The interventions appeared to be effective for those with indications of depression. PHQ-8 depression scores were reduced in both programs by considerable effect sizes. This has two implications. First, it is possible for a generic program aimed at multiple chronic conditions to make a clinically significant impact on at least one symptom, depression, for those who entered the program with depression. We will need further study to determine if this finding extends to other symptoms.

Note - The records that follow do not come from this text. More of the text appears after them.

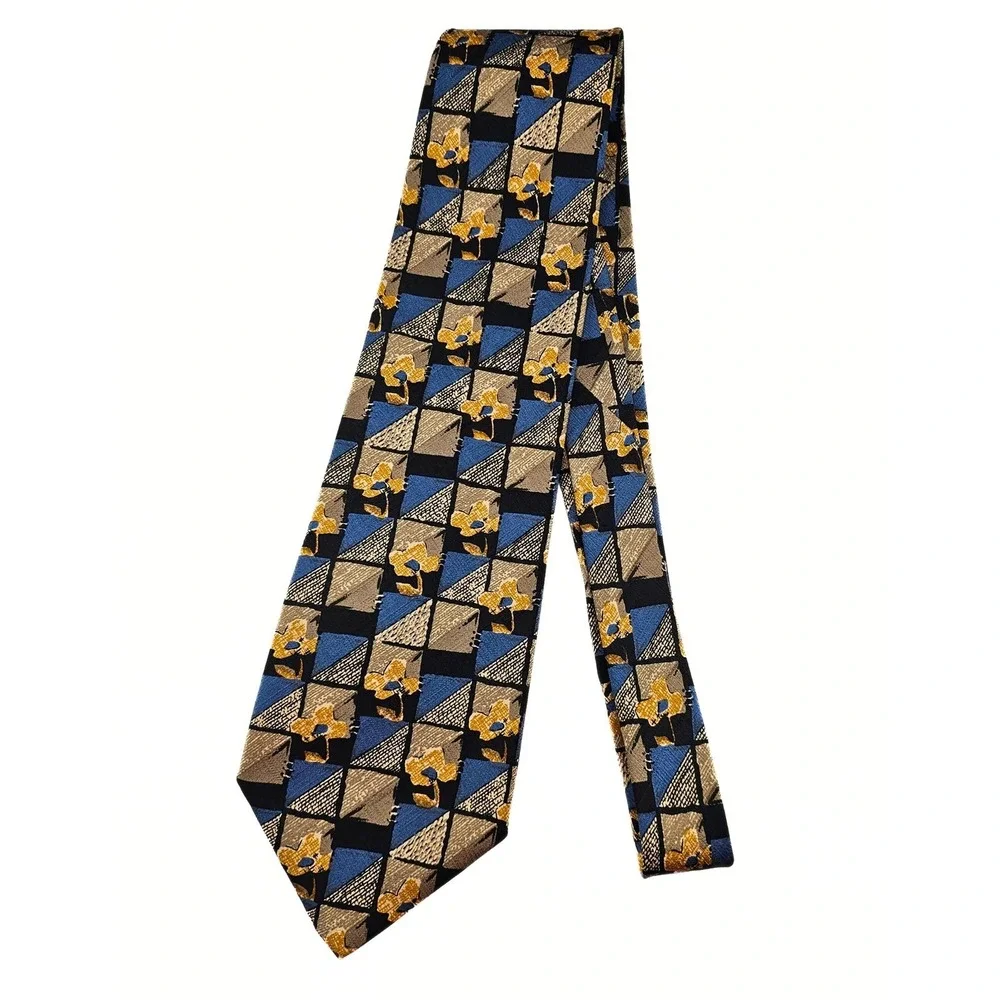 Repvbblica Men's Geometric Floral Necktie - Blue, Brown, Yellow -‎ Professional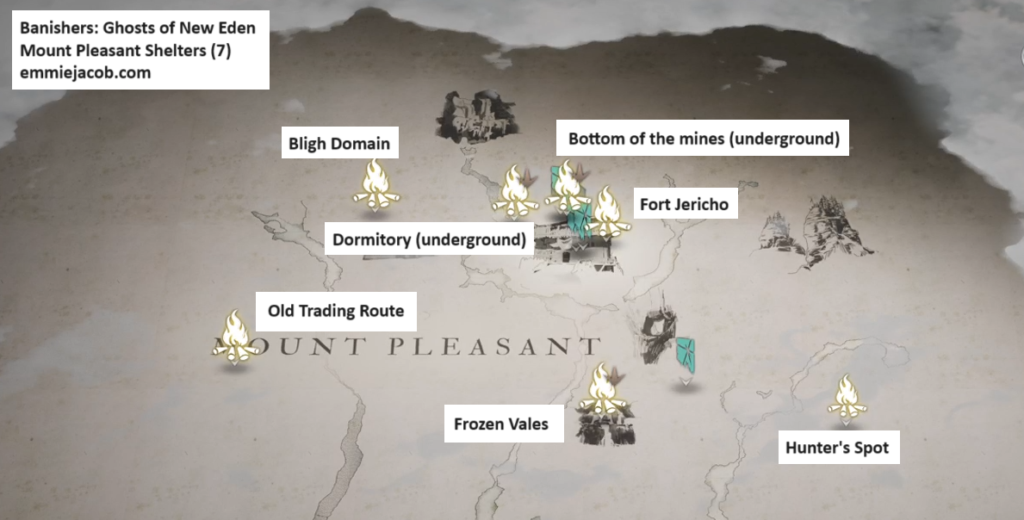 Banishers: Ghosts of New Eden Mount Pleasant Shelters Map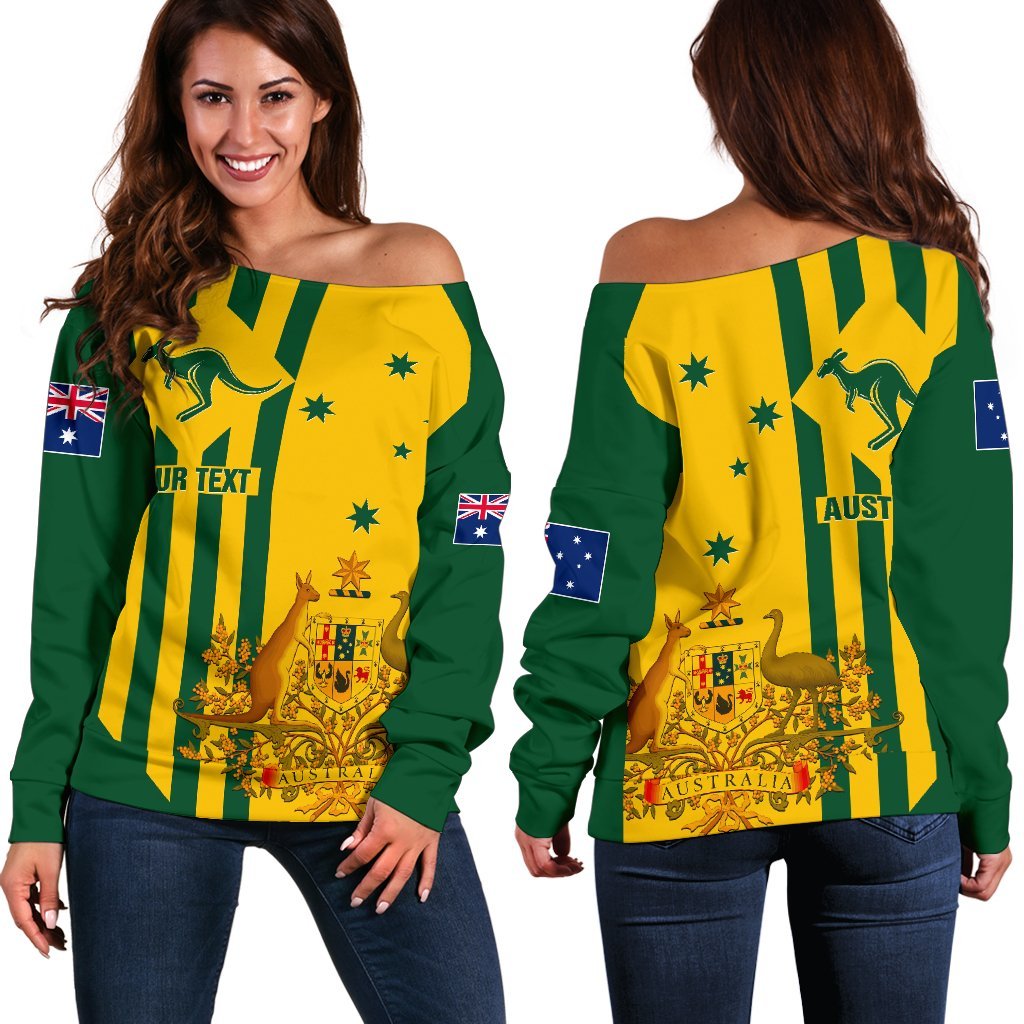 (Custom) Women's Off Shoulder Sweater - Australia Kangaroo Sign National Color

Secondly, it suggests a need for reexamining the policy implications of meta-analyses when applied to programs aimed at participants with multiple co-morbidities. By definition, these programs, by championing heterogeneity, decrease overall effect size for specific medical indicator measures, since not all participants will be in need of improvement for all indicators. In the future, we will need methodologies to parse the effects of such programs for populations who meet specific condition criteria such as illustrated for depression by this study.

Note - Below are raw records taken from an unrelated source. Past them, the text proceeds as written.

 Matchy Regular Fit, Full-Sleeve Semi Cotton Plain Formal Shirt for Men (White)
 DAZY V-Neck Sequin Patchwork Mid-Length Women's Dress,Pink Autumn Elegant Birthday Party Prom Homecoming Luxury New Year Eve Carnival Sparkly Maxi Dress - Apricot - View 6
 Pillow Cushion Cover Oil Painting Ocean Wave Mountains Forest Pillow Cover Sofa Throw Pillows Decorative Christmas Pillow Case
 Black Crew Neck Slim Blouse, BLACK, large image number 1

When we compared the depressed and the non-depressed cohorts on additional health outcome variables (pain, fatigue, activity limitation, and medication adherence), the cohort with depression did at least as well if not considerably better than the participants with lower levels of PHQ-8 depression. This confirms that the programs are appropriate for participants with depression and suggests that the programs may be particularly beneficial for those with indications of depression.

Comparing the proportion who improved or got worse on PHQ-8 by a clinically significant 5 or more points, those in the depression cohort showed much higher proportions improving (46 and 45 % of the U.S. and Canadian samples, respectively), with relatively low proportions becoming more depressed (7 and 10 %). If this was merely a regression to the mean of those with higher scores, we would expect those with low baseline PHQ-8 scores to increase similarly. Instead, when we examined only the cohort with lower baseline depression, the numbers getting worse were only 8 and 14 % in the U.S. and Canadian samples. In addition, Table 4 shows that those with PHQ-8 under 10 did not have significant increases in PHQ-8 depression scores at 12 months, as might be possible if there were a regression to the mean for this chronically ill population.

Limitations

Because of the considerable differences between the populations in the two programs, we cannot address the question of whether the effects were similar for those in the small group versus the on-line intervention. Both groups showed improvements, but differences in change scores between the two groups were inconsistent. People who choose a small-group intervention as opposed to one via the Internet may have different motivations and learning styles. In addition, while both studies involved national samples, it may be that chronic disease patients living in the USA and Canada are different in multiple ways. Thus, any attempt to directly compare the two modes of delivery would not be warranted.

The two studies were both implementations and translational studies of the two respective programs, and neither were randomized studies. Thus, we have post hoc secondary subgroup analyses of longitudinal data, along with the limitation inherent to such samples. Unfortunately, the original randomized studies of the two programs [13, 14] did not include appropriate depression measures. Although indications of improvements are strong, there remains the possibility that individuals with indications of depression who did not participate in a program might have had similar improvements.

A further limitation is the use of PHQ-8 scores as indicators of depression. Although a value of 10 or greater is considered indicative of depression, it is not a clinical diagnosis of depression. In the U.S. National Study, where depression was one of the pre-listed conditions participants could report at enrollment, 59.3 % of those with PHQ-8 scores 10 or above-listed depression as one of their conditions (compared to 15.9 % of those with PHQ-8 scores below 10). PHQ-8 had a correlation of r = 0.503 with self-reported depression. Future research might examine the effects of the CDSMP on participants who self-report depression. Unfortunately, the Canadian study did not include depression as one of the listed chronic conditions that could be checked, and only 15 participants included it as one of their “other” chronic conditions. We also cannot determine if those in the U.S. National Study who listed depression as one of their conditions considered it the major reason for enrolling in the program or not.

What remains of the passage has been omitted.